In the school speach it usually means cheating. Списывать - to "lawfully" copy is used mostly for picture or literary characters (герой романа списан с реального лица) and similar things.
I can imagine a teacher asking pupils: Спишите из учебника пример номер 47. But перепишите sounds more natural.


----------



## Interprete

Maroseika said:


> In the school speach it usually means cheating. Списывать - to "lawfully" copy is used mostly for picture or literary characters (герой романа списан с реального лица) and similar things.
> I can imagine a teacher asking pupils: Спишите из учебника пример номер 47. But перепишите sounds more natural.


Thank you! but again, what to make of the sentence that immediately follows (it's the teacher speaking, and Alexei is the girl's father) :
-"Она на истории списывает алгебру, на алгебре — физику и в результате не знает ни истории, ни алгебры, ни физики."
*Алексей молчал, будто это он списывал на уроках.*


----------



## rusita preciosa

I've heard "to use crib notes" (~пользоваться шпаргалками).


----------



## Rosett

Maroseika said:


> In the school speach it usually means cheating. Списывать - to "lawfully" copy is used mostly for picture or literary characters (герой романа списан с реального лица) and similar things.
> I can imagine a teacher asking pupils: Спишите из учебника пример номер 47. But перепишите sounds more natural.


A teacher can say: "Спишите с доски задание на дом", which sounds natural.

In the OP sense, it's "cheat off (smb.'s) papers."


----------



## rusita preciosa

Interprete said:


> But right after the teacher says that, the following sentence describes the father's reaction:
> Алексей молчал, будто это он списывал на уроках.
> 
> How would you then translate this? Is it still 'copying in secret'? Doesn't seem that it fits, does it?


Usually the списывание happens during the tests / quizzes, so I would interpret списывать на уроках as using crib notes / copying others' answers / secretly using the textbook during the test portions of the class.

Or alternatively you can just use cheating as Maroseika suggested.


----------



## Interprete

Thank you, so it's like in French, it means both simply 'to copy something' and to cheat. Thanks it makes more sense now.

Now just to be sure, why is the preposition на used in Алексей молчал, будто это он списывал на уроках. ?


----------



## Maroseika

Interprete said:


> Now just to be sure, why is the preposition на used in Алексей молчал, будто это он списывал на уроках. ?


На уроке - at a lesson (in class)
На алгебре - at the lesson of algebra (in algebra class).


----------



## Interprete

Oh ok so it doesn't go with the verb, I thought it was списывать на... thanks!


----------



## Vovan

Interprete said:


> Thank you, so the teacher says that in history classes she reads her algebra textbook and takes notes from it, instead of listening to the lesson?
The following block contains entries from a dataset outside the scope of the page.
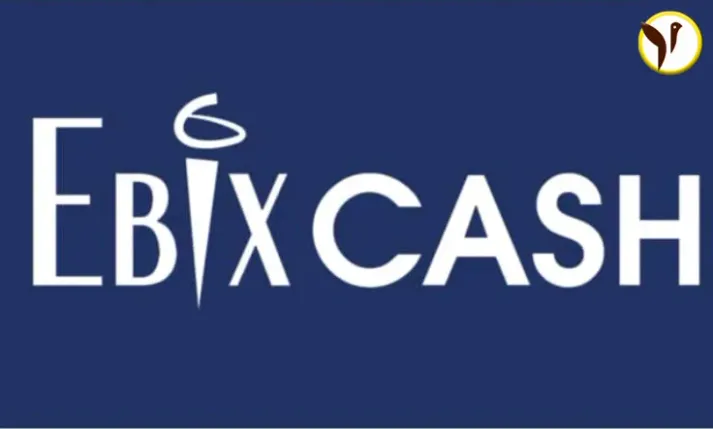 EbixCash receives the green light for Rs 6,000 crore IPO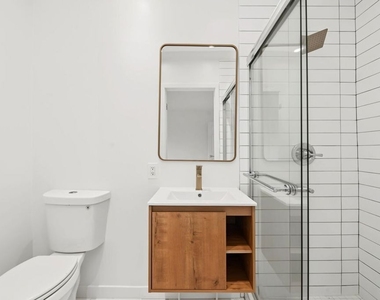 1831 Prosser Avenue - Photo Thumbnail 10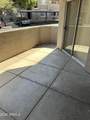 1720 Thunderbird Road - Photo 37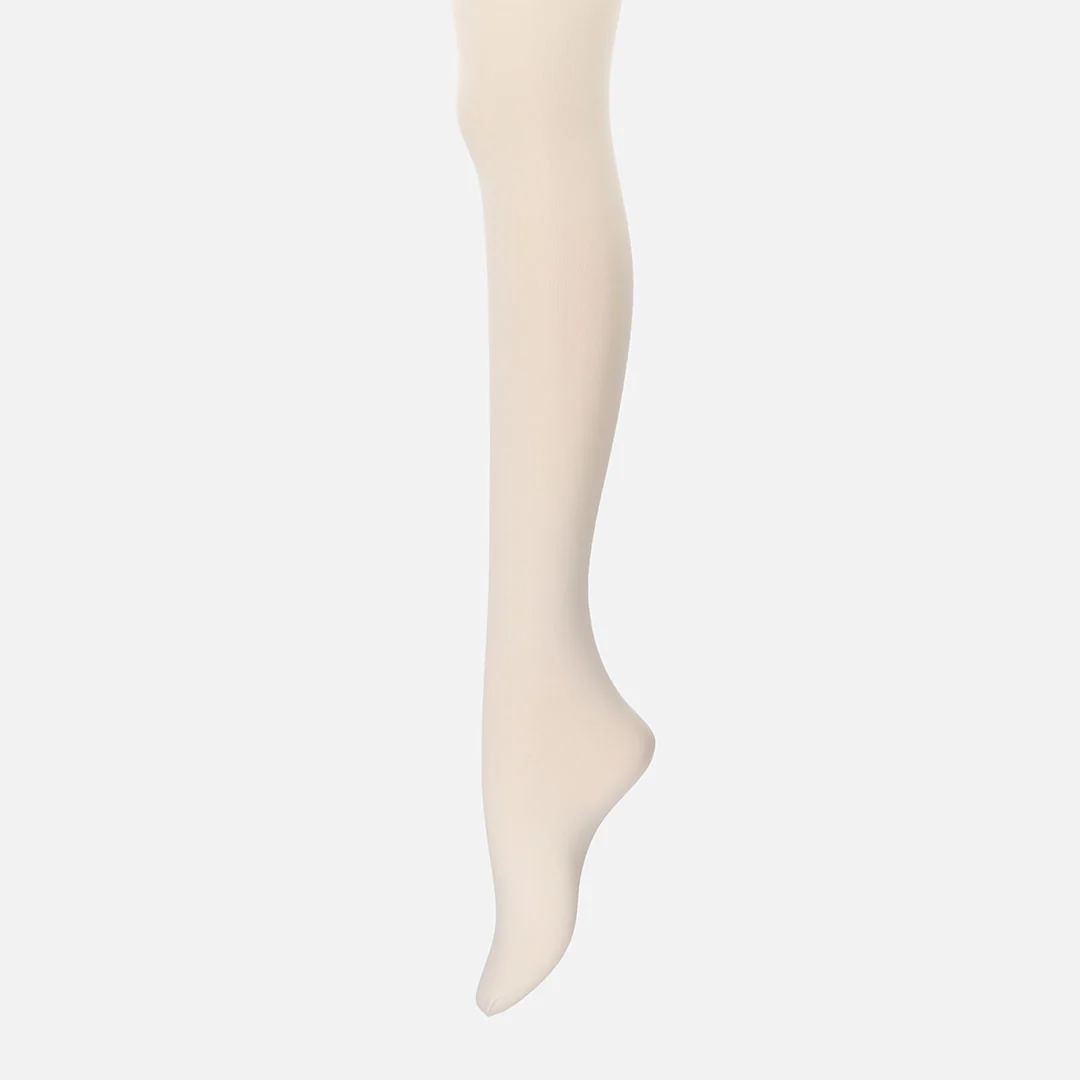 011901101 Colour Premium Tights 110D L - Image 4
Not quite! What she's doing in class is copying someone else's completed homework for the next lesson during the same day (according to the time-table).
(Because she is afraid to get an F for not having done her homework.)

And yes, in the end, she even misses the opportunity to, at least, listen to her teachers in class and learn something from them in this way.
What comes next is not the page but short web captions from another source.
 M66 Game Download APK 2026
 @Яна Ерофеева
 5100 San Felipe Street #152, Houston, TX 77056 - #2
(When reading the thread, I didn't quite understand whether all this was clear enough to you. If it was, sorry!)


----------



## Interprete

Vovan said:


> Not quite! What she's doing in class is copying someone else's completed homework for the next lesson during the same day (according to the time-table).
> (Because she is afraid to get an F for not having done her homework.)
> 
> And yes, in the end, she even misses the opportunity to, at least, listen to her teachers in class and learn something from them in this way.
> 
> (When reading the thread, I didn't quite understand whether all this was clear enough to you. If it was, sorry!)
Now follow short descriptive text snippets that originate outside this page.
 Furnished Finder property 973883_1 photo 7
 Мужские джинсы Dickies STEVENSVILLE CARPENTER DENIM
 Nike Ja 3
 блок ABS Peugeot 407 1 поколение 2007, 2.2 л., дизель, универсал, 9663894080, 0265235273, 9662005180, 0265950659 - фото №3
No, it wasn't at all, now that I've read your explanation!!! Thank you  It makes perfect sense.


----------



## Q-cumber

"Списывать " usually means either 'to copy somebody else's homework' (instead of preparing it on your own at home) or 'to cheat on an exam' (by using any forbidden techniques: SMS messaging, coping from paper notes hidden in your trunks or written right on your legs' skin areas covered by a skirt, glancing into your neighbor's writings, etc.)


----------